→ EXERCISE PROMPT: Exactly and only the lines from the first entry through the line with "San Diego Body Contouring | Plastic Surgery" should be copied, both ends included, with no pictures.

[Stored items]

──────

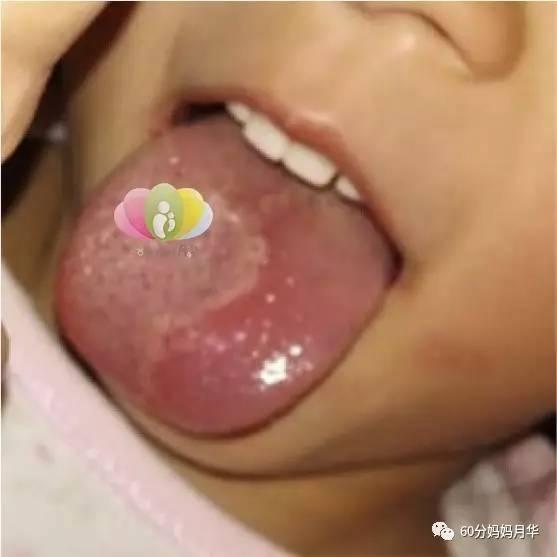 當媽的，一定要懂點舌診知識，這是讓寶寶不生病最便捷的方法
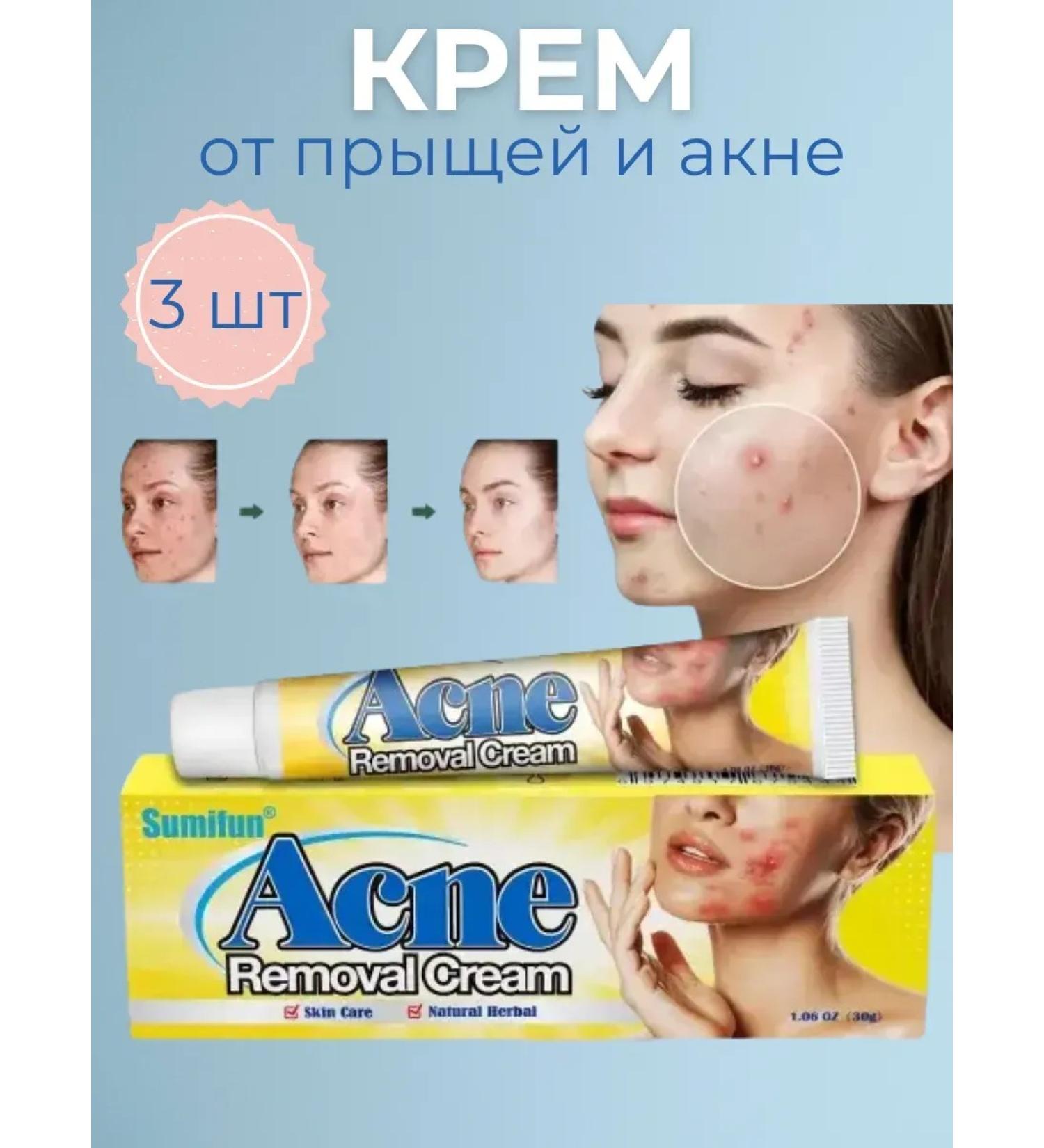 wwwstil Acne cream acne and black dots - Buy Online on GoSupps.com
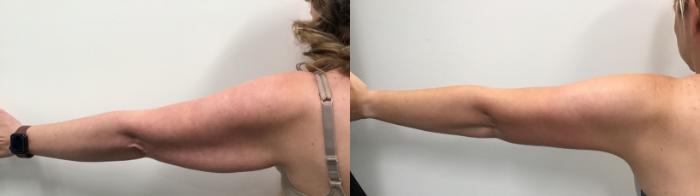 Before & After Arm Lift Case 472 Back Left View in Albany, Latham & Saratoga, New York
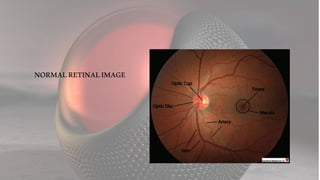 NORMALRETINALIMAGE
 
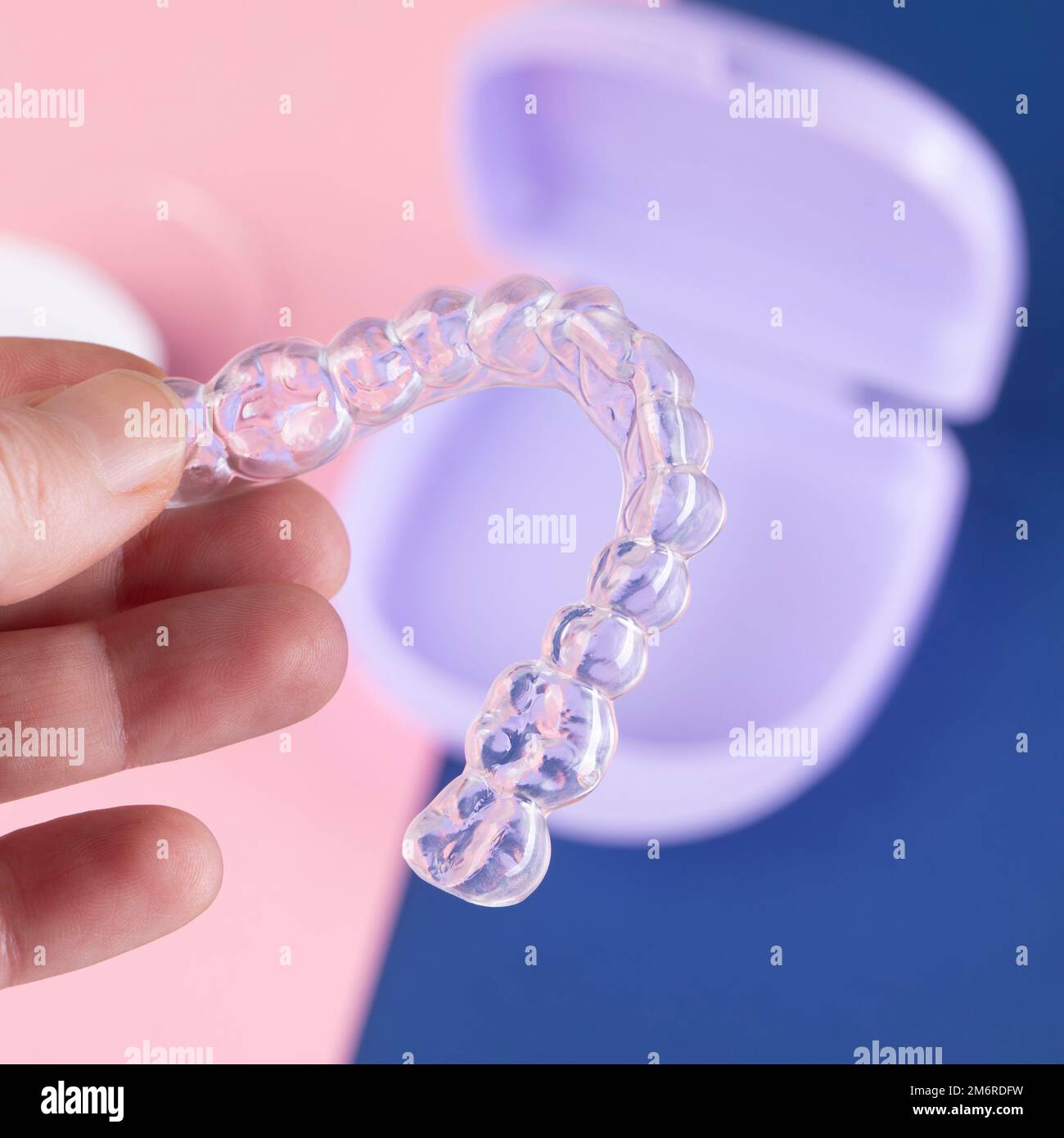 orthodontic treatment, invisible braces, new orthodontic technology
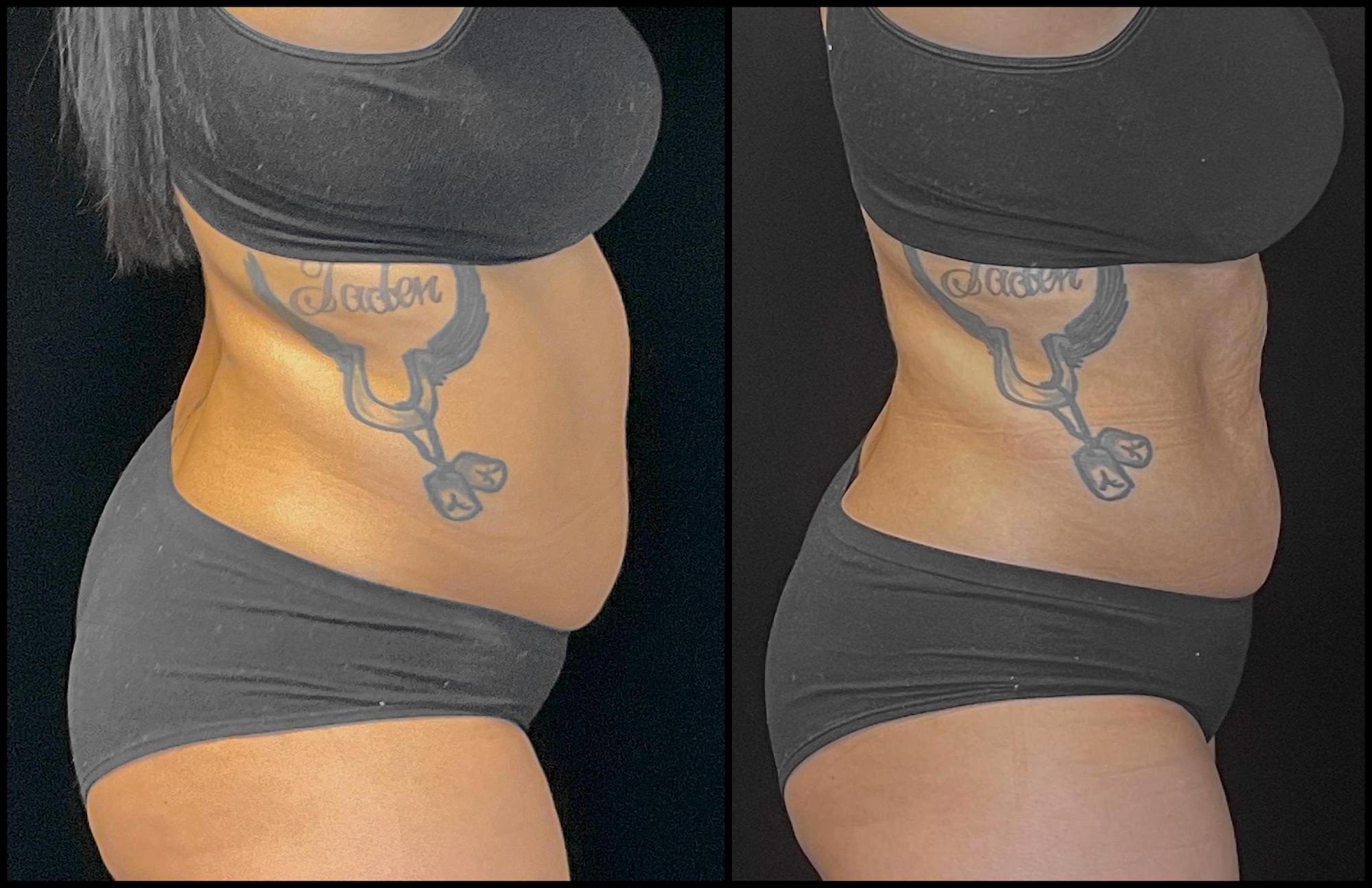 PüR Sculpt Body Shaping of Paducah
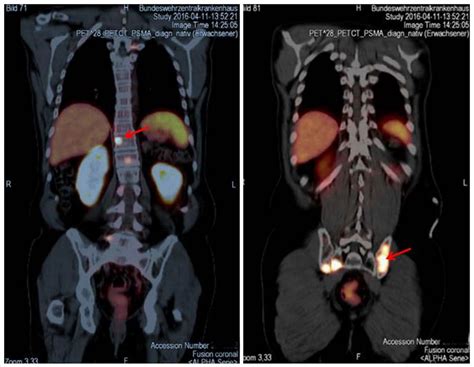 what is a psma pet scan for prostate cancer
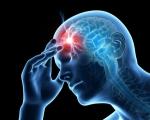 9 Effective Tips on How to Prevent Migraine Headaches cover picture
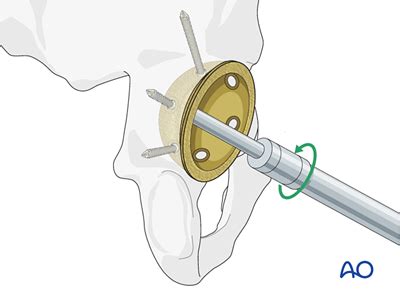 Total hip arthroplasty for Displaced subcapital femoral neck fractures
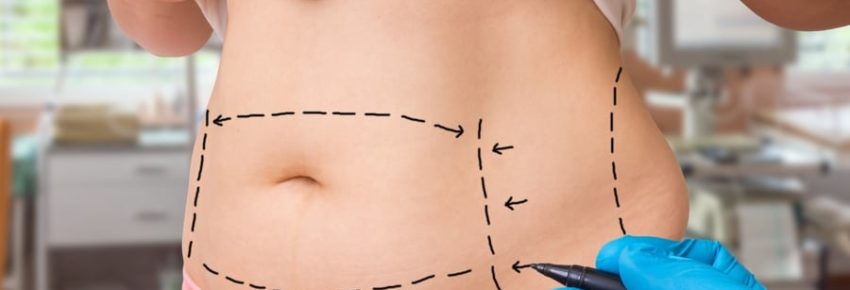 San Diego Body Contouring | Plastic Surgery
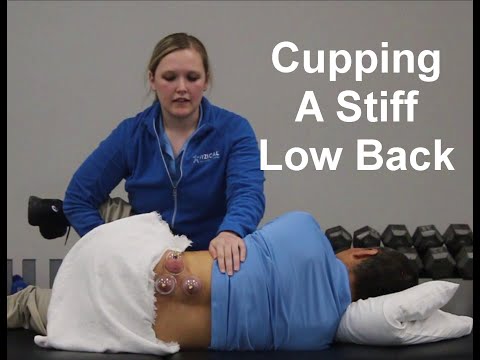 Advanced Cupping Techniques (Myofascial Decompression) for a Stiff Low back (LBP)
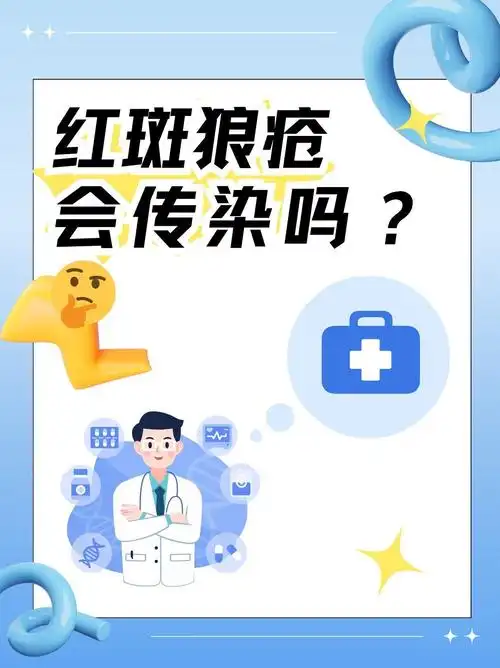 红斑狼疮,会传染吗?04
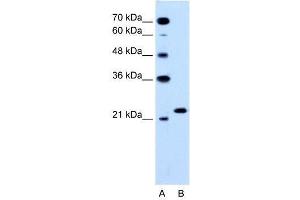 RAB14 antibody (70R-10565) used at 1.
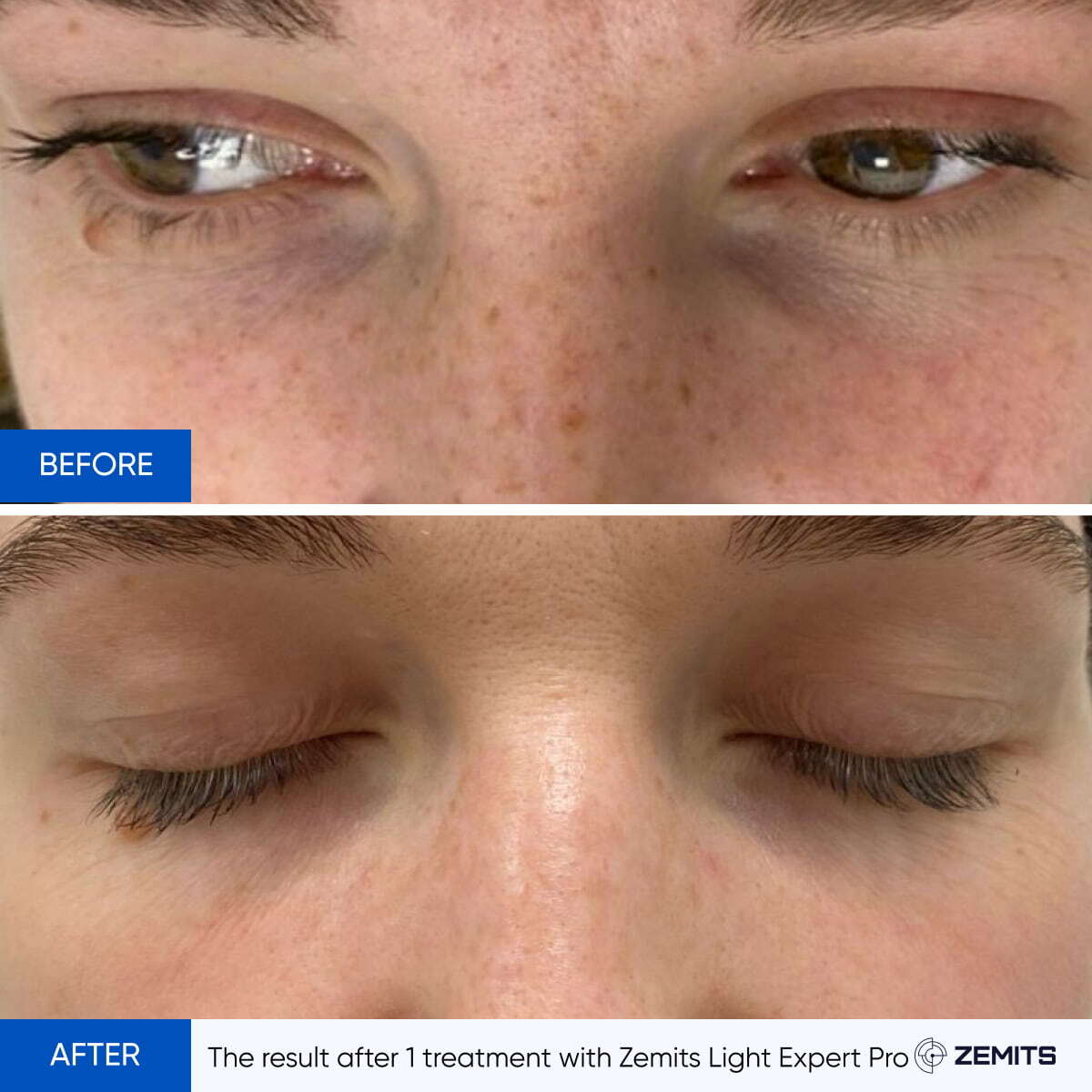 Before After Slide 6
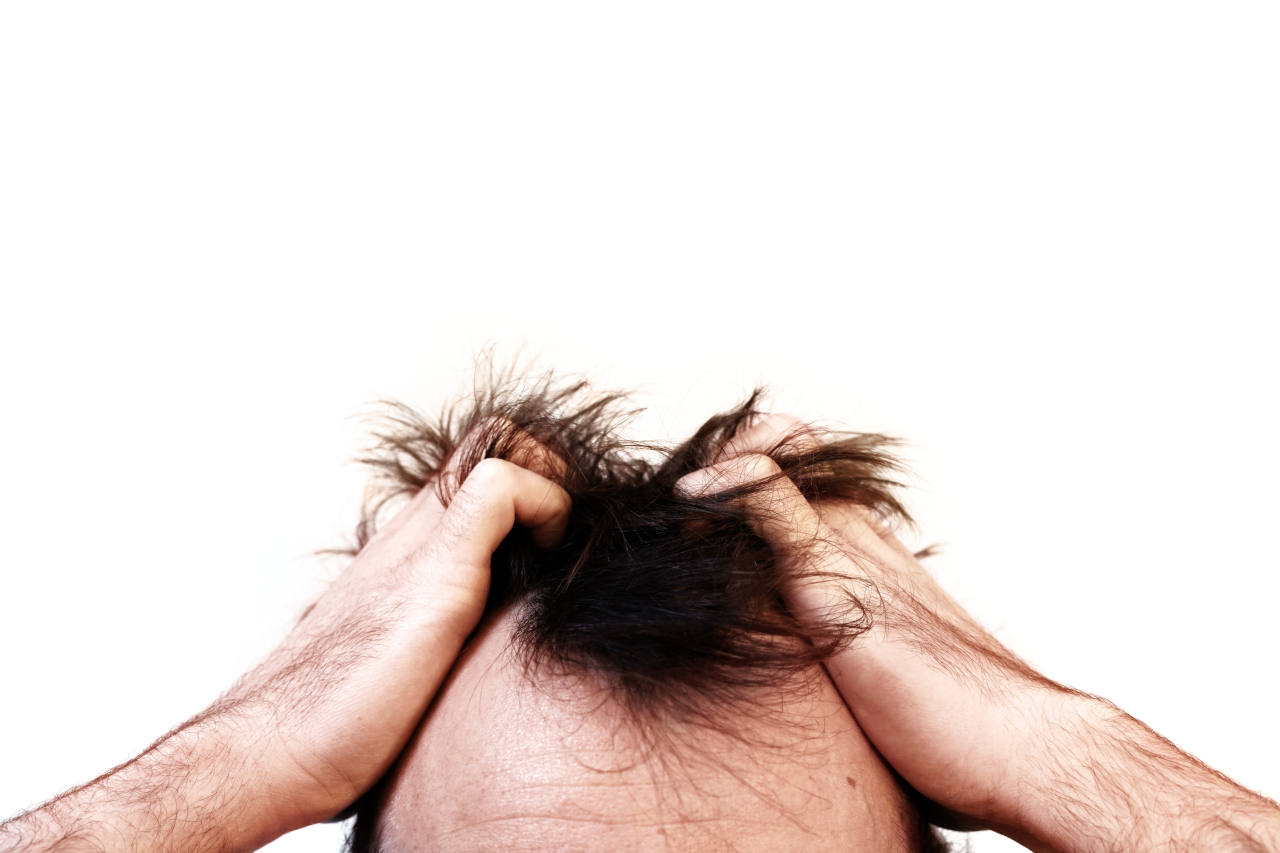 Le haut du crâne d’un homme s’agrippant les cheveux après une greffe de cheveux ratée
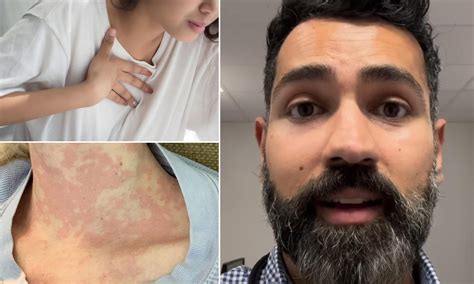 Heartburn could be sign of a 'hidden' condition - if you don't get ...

──────

→ RESPONSE TO THE EXERCISE:
 當媽的，一定要懂點舌診知識，這是讓寶寶不生病最便捷的方法
 wwwstil Acne cream acne and black dots - Buy Online on GoSupps.com
 Before & After Arm Lift Case 472 Back Left View in Albany, Latham & Saratoga, New York
 NORMALRETINALIMAGE
 
 orthodontic treatment, invisible braces, new orthodontic technology
 PüR Sculpt Body Shaping of Paducah
 what is a psma pet scan for prostate cancer
 9 Effective Tips on How to Prevent Migraine Headaches cover picture
 Total hip arthroplasty for Displaced subcapital femoral neck fractures
 San Diego Body Contouring | Plastic Surgery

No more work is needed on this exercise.